Shushwa made his way to the back of the trailer, avoiding Grizz’ eyes and taking care not to look at Mol—no, she had another name that only Virgil used. Mom. Molly was his dam. He took care not to look at Mom. The actions of cleaning the rifles came to him easily, almost instinctively. Virgil must have done this often. Shushwa listened, as he worked, to Mom preparing food. Mom made the soft sniffling sounds that meant she was fighting not to sob out loud. Grizz would hit her and caller her weak if she did.
Shushwa shook his head. He felt dazed. Was all this real? Grizz, the truck, any of it? How could it be?
And Molly—Mom—what about her? How was Shushwa supposed to think of her? She was his dam—no, she was Virgil’s dam. Shushwa recalled his own mother, his proper mother, how large and round her dark brown eyes were. Not like the hidden, small eyes these humans had. How she had licked him clean when he was born and helped him to stand, showing him that he could take his own steps.
 Molly was not his mother. But he had to act like she was.
Did that mean Grizz was his—Virgil’s—sire? It seemed so, but something about the thought felt wrong. He pondered, while he worked, and it came to him. No. Grizz was not Virgil’s father. Virgil’s father was gone. Had died when Virgil was still a foal. No, a child. Grizz had mated with Virgil’s mother afterward, but Virgil had refused to call the man “Dad.”
He felt the terror of Virgil’s memory about that. How Grizz had insisted on that title, but Virgil had refused. And when Molly took Virgil’s side, how Grizz had lashed out at her.
It had been the first time he beat her, and Grizz had clearly been saving up. Blood and one tooth had come out of Molly’s mouth, and Molly collapsed on the floor. Virgil had thought she was dead, even though Grizz kept kicking at her anyway. Grizz liked kicking. He could kick without putting his beer down. Virgil ran out of the trailer after that, unable to watch. He had hidden hid underneath a neighbor’s trailer, crying in the dirt.
Hours later, when he heard Molly calling for him to come back, he emerged from his hiding spot. Molly’s voice had been weak, and that as much as anything drew him back. She was laid up in bed for three days after that. Grizz refused to take her to the hospital.
Shushwa felt a lump grow in his throat at Virgil’s memory of bringing Molly food and water, and helping clean her up when she urinated or defecated.

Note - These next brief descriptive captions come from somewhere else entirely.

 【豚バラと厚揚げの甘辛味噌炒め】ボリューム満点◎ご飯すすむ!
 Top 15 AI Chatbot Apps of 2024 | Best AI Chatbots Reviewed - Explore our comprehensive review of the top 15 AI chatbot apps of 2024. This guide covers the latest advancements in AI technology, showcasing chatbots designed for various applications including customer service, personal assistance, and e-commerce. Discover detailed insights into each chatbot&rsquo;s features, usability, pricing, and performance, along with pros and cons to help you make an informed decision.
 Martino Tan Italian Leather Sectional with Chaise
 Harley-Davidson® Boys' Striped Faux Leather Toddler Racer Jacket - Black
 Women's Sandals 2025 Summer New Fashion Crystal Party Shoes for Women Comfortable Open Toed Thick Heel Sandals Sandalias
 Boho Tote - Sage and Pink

After that, Grizz stopped insisting that Virgil call him Dad. And Virgil never had. Shushwa smiled at that. But it had been a costly victory, and Virgil had never wanted his mother to pay that cost again. From then on Grizz got what he wanted.
Shushwa finished with the rifles. But he knew it would be better not to go to the front of the trailer before his mother was finished cooking. So he changed into dry clothes and waited, thinking.

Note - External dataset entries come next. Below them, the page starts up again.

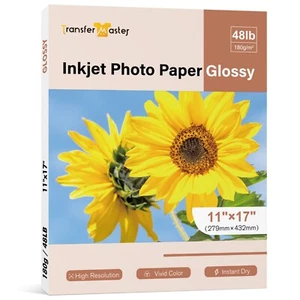 Lote de papel fotográfico premium 11x17 brillante 48 lb impresora de inyección de tinta Epson Canon 50-150 hojas - Imagen 1 de 9
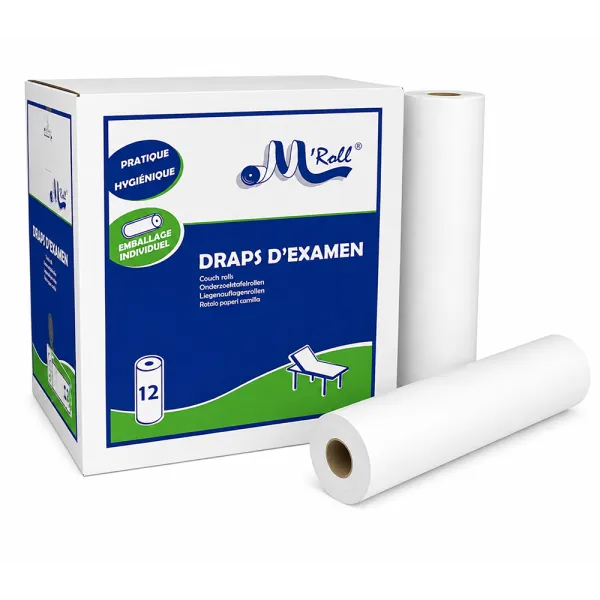 Draps d'examen prédécoupés M'Roll 50x35 cm 12 rouleaux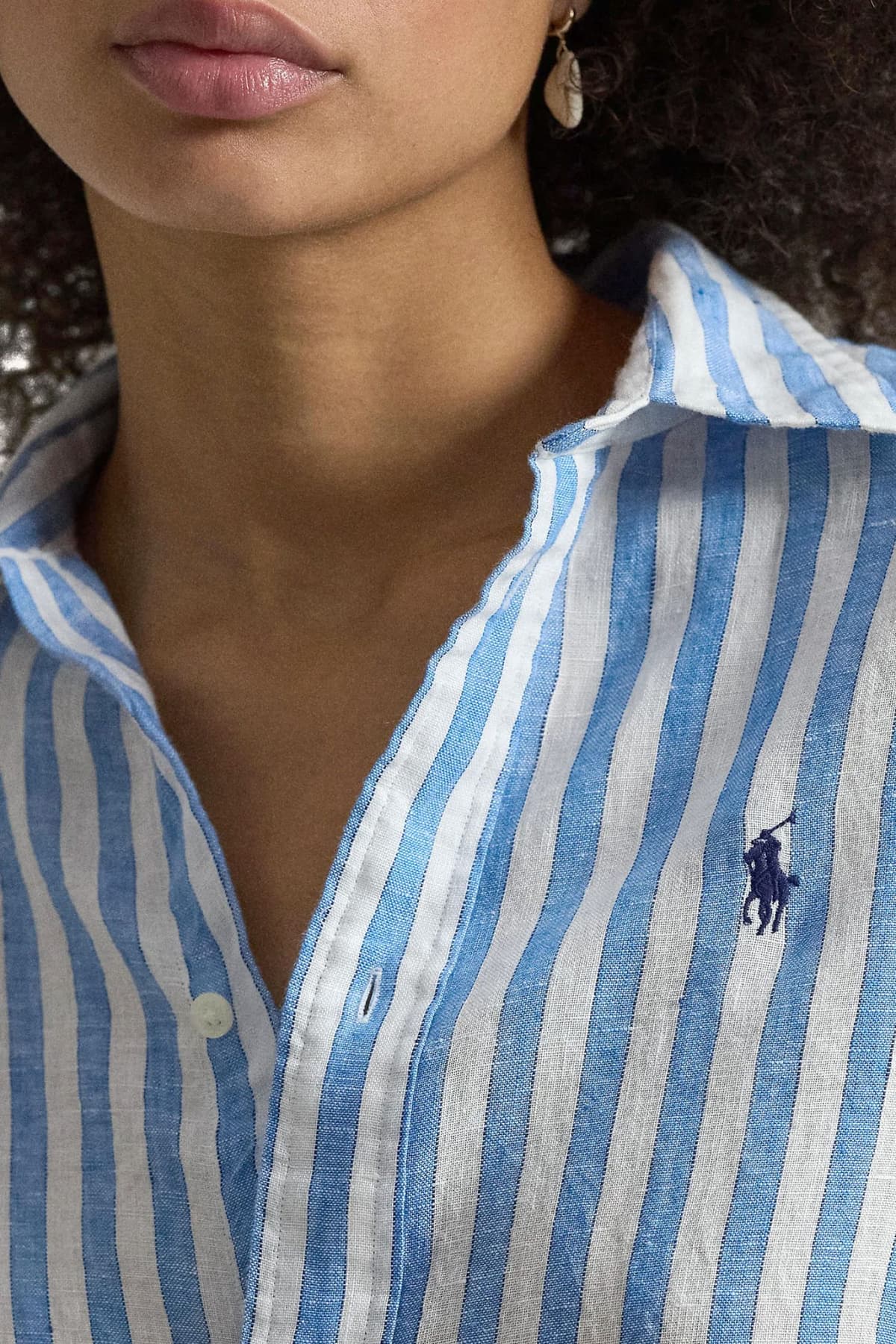 RALPH LAUREN ΠΟΥΚΑΜΙΣΟ ΡΙΓΕ CLASSICS CROP BOXY FIT ΛΕΥΚΟ-ΓΑΛΑΖΙΟ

Was he going to be stuck in Virgil’s body—in Virgil’s life—forever? His heart ached for Ashvinh and Weshah. Would he ever see them again? Even if he could find Virgil out in the woods, what then? Would seeing him again be enough to switch back?

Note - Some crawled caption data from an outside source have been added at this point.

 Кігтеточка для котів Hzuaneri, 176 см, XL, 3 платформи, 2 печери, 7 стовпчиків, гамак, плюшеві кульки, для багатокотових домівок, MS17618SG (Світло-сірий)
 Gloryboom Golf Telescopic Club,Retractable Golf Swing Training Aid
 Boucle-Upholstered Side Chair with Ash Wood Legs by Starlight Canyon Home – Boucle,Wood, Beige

He had no answers even when he heard Molly setting plates on the trailer’s small table. Molly went into the bathroom and closed the door, catching his eye briefly as she did. He knew she was going there to cry in peace.
Was life like this for all humans? So cruel and vicious? Perhaps so. After all, Shushwa thought, they do shoot deer.
His stomach rumbled, but the last thing Shushwa wanted was to go and sit at the same table with Grizz to eat a meal. He could simply say he was tired and go to sleep. But no. Grizz would never allow him to waste the food on his plate. Better to simply go, eat, and say nothing.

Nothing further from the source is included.